- **Problem to work on**
A faithful copy of the data, pictures omitted, is the required answer.

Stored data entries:
****************
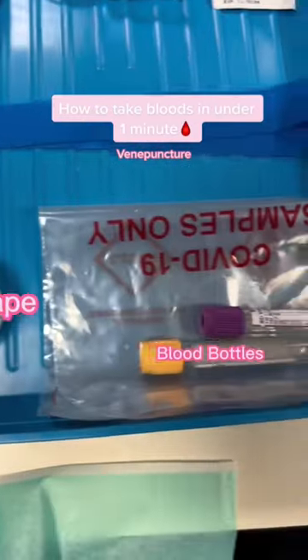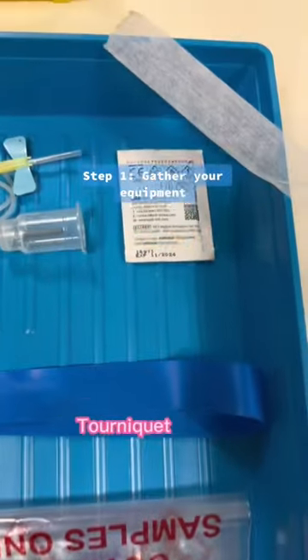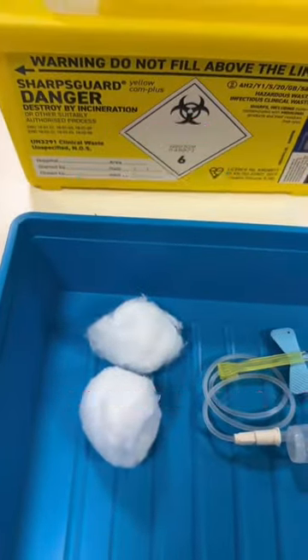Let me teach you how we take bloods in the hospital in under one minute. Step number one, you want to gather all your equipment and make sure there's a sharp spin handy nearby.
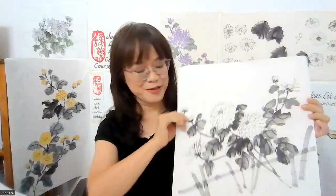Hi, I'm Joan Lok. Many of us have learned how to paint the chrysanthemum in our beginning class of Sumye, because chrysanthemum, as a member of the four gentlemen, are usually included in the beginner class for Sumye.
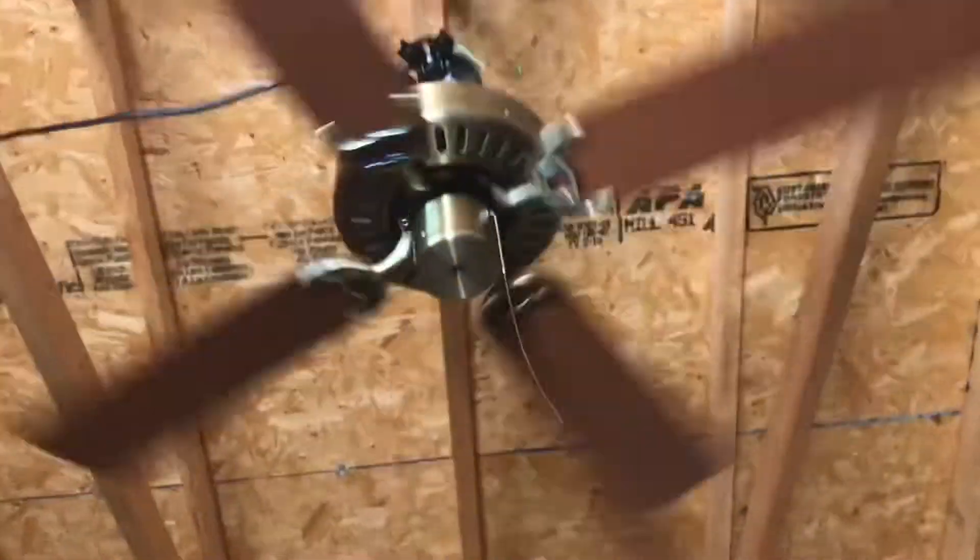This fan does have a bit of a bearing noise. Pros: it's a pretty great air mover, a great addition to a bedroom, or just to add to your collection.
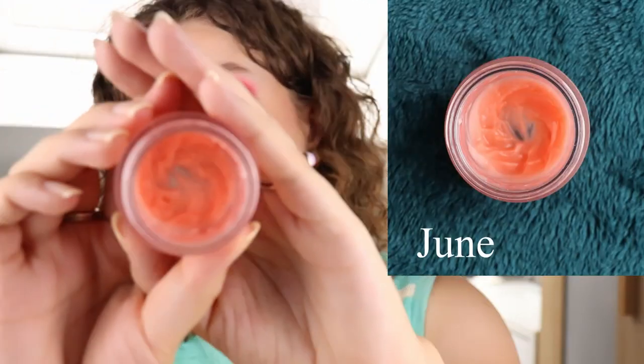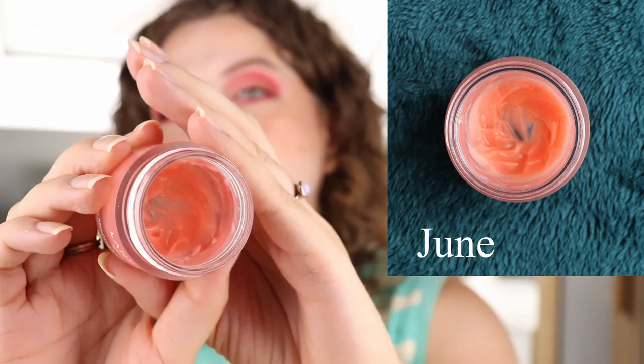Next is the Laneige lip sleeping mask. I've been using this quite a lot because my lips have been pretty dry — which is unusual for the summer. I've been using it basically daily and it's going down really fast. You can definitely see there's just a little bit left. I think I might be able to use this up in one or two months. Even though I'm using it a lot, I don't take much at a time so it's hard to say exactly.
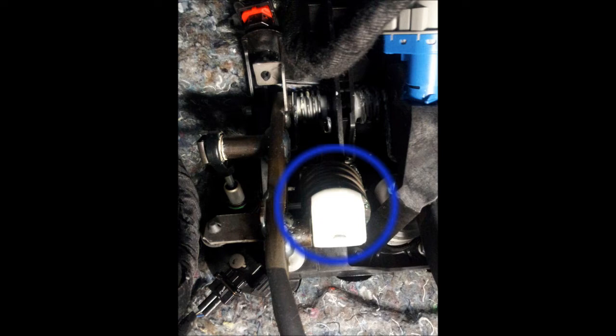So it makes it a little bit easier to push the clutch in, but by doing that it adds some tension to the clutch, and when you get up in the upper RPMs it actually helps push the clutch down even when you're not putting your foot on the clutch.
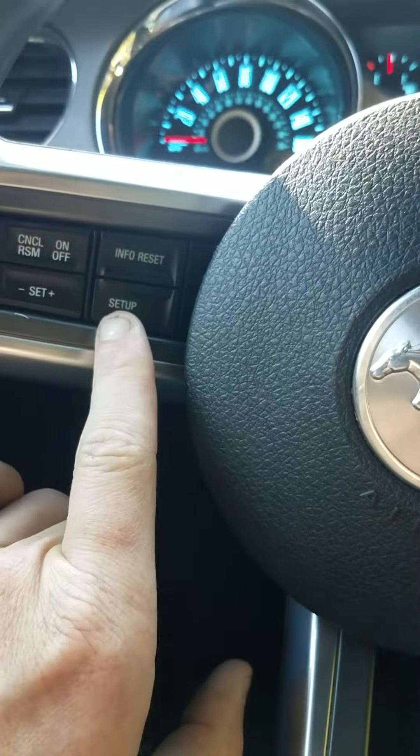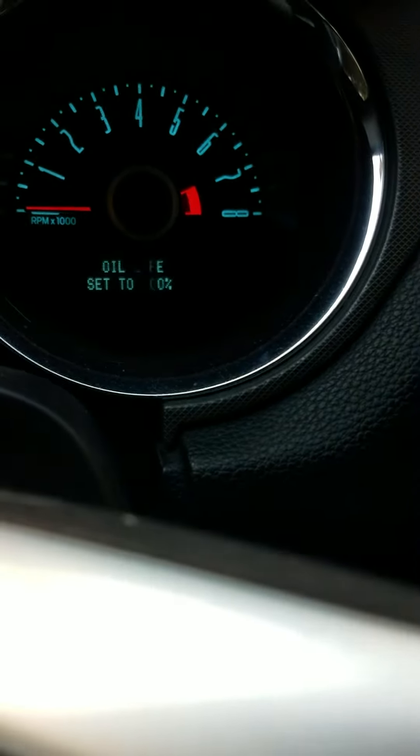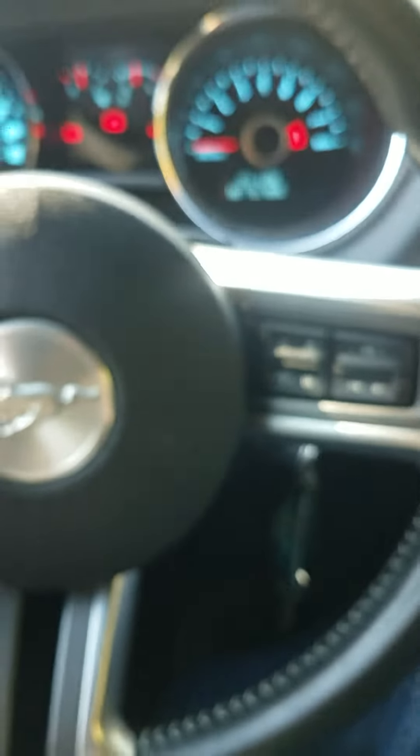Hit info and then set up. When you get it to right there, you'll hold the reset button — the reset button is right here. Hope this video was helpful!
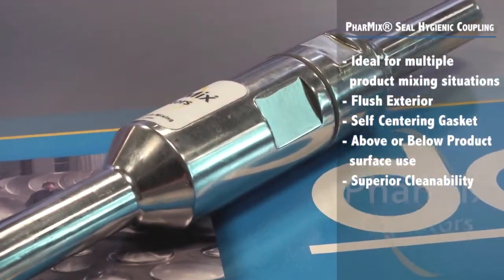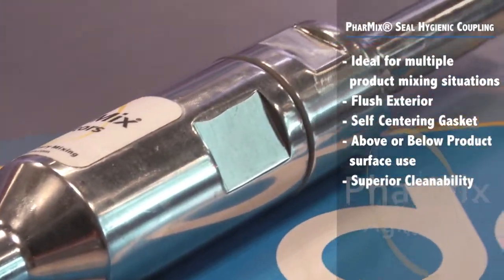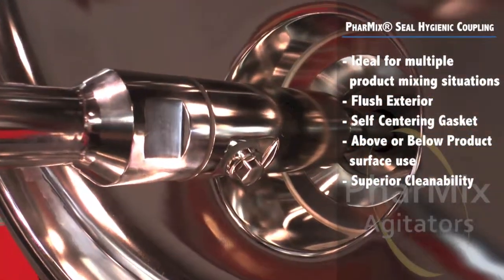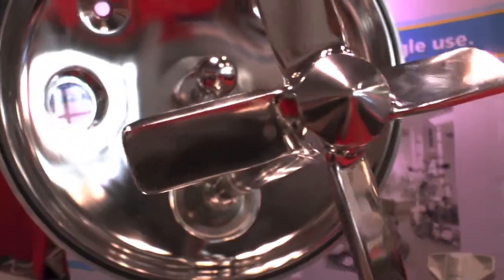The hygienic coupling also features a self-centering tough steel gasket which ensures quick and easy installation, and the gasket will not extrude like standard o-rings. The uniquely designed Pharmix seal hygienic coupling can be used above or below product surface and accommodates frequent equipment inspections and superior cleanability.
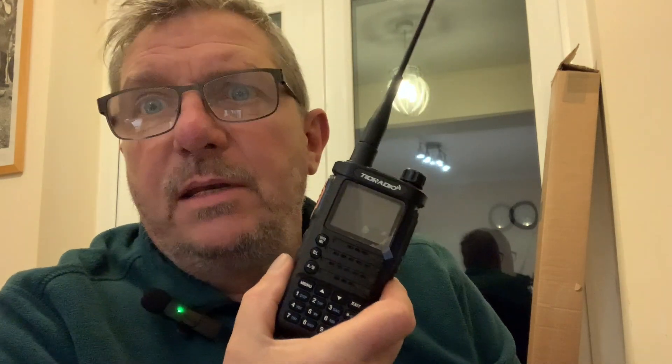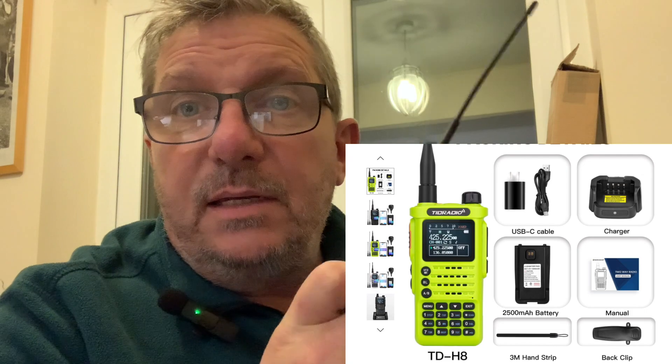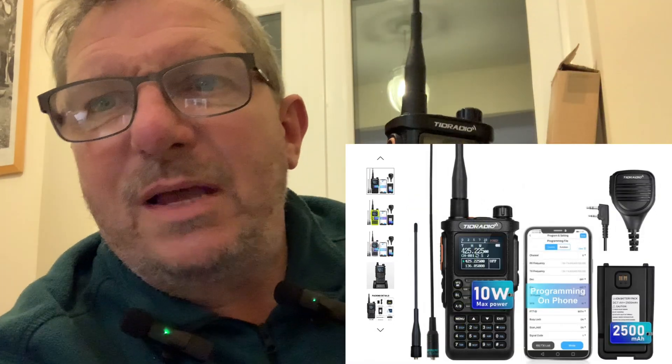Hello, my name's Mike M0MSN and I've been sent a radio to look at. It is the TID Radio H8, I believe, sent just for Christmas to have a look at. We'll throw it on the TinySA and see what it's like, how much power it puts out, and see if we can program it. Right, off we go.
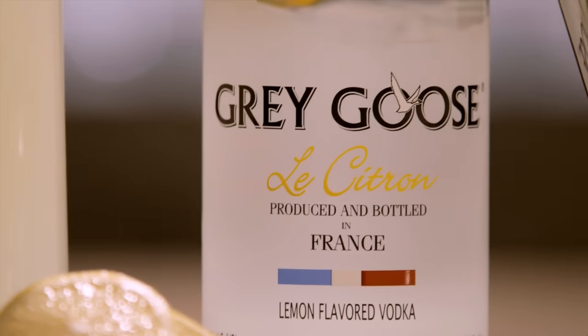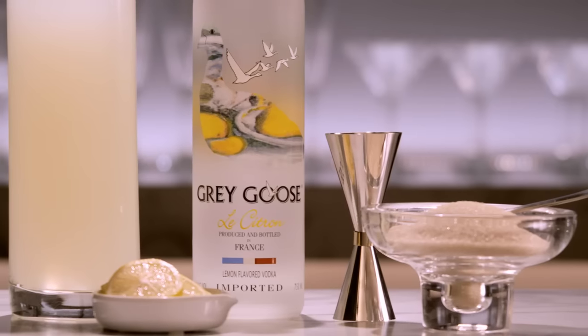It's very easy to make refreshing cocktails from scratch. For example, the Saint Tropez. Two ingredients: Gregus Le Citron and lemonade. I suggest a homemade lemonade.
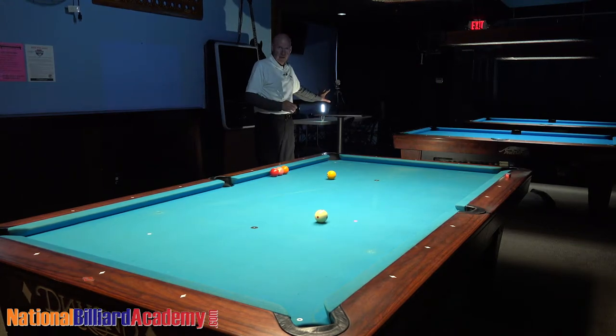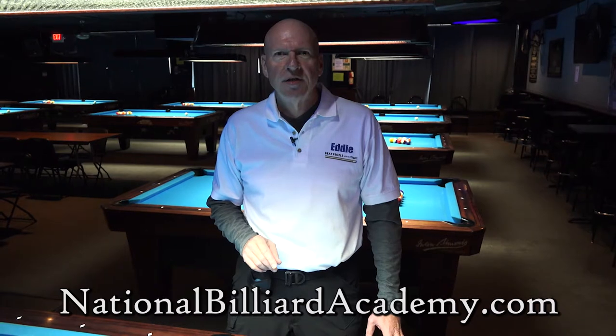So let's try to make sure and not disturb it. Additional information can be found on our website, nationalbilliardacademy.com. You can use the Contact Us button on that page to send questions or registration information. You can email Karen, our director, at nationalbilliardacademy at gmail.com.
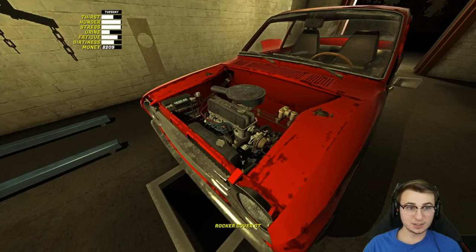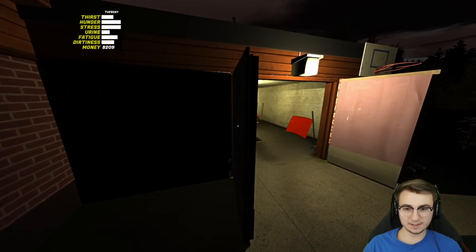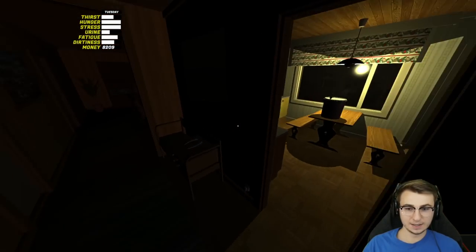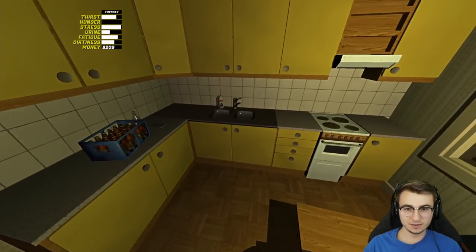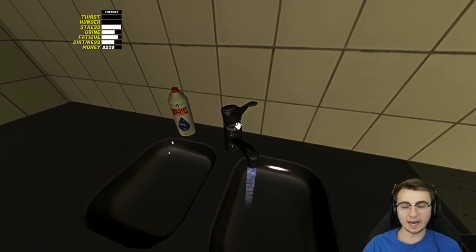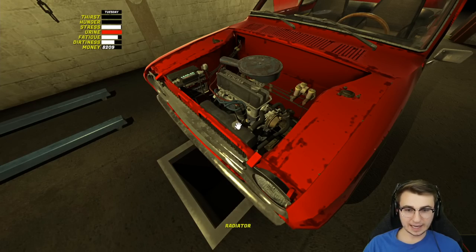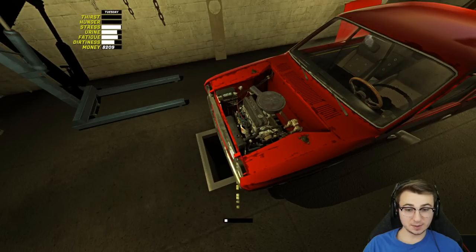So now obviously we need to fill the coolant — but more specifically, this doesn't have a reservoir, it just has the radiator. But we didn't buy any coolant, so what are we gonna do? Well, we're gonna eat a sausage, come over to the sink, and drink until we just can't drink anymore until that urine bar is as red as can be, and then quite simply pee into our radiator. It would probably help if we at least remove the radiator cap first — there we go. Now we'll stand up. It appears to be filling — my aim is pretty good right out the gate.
****************
- **Response to this task**
Let me teach you how we take bloods in the hospital in under one minute. Step number one, you want to gather all your equipment and make sure there's a sharp spin handy nearby.
Hi, I'm Joan Lok. Many of us have learned how to paint the chrysanthemum in our beginning class of Sumye, because chrysanthemum, as a member of the four gentlemen, are usually included in the beginner class for Sumye.
This fan does have a bit of a bearing noise. Pros: it's a pretty great air mover, a great addition to a bedroom, or just to add to your collection.
Next is the Laneige lip sleeping mask. I've been using this quite a lot because my lips have been pretty dry — which is unusual for the summer. I've been using it basically daily and it's going down really fast. You can definitely see there's just a little bit left. I think I might be able to use this up in one or two months. Even though I'm using it a lot, I don't take much at a time so it's hard to say exactly.
So it makes it a little bit easier to push the clutch in, but by doing that it adds some tension to the clutch, and when you get up in the upper RPMs it actually helps push the clutch down even when you're not putting your foot on the clutch.
Hit info and then set up. When you get it to right there, you'll hold the reset button — the reset button is right here. Hope this video was helpful!
The hygienic coupling also features a self-centering tough steel gasket which ensures quick and easy installation, and the gasket will not extrude like standard o-rings. The uniquely designed Pharmix seal hygienic coupling can be used above or below product surface and accommodates frequent equipment inspections and superior cleanability.
Hello, my name's Mike M0MSN and I've been sent a radio to look at. It is the TID Radio H8, I believe, sent just for Christmas to have a look at. We'll throw it on the TinySA and see what it's like, how much power it puts out, and see if we can program it. Right, off we go.
It's very easy to make refreshing cocktails from scratch. For example, the Saint Tropez. Two ingredients: Gregus Le Citron and lemonade. I suggest a homemade lemonade.
So let's try to make sure and not disturb it. Additional information can be found on our website, nationalbilliardacademy.com. You can use the Contact Us button on that page to send questions or registration information. You can email Karen, our director, at nationalbilliardacademy at gmail.com.
So now obviously we need to fill the coolant — but more specifically, this doesn't have a reservoir, it just has the radiator. But we didn't buy any coolant, so what are we gonna do? Well, we're gonna eat a sausage, come over to the sink, and drink until we just can't drink anymore until that urine bar is as red as can be, and then quite simply pee into our radiator. It would probably help if we at least remove the radiator cap first — there we go. Now we'll stand up. It appears to be filling — my aim is pretty good right out the gate.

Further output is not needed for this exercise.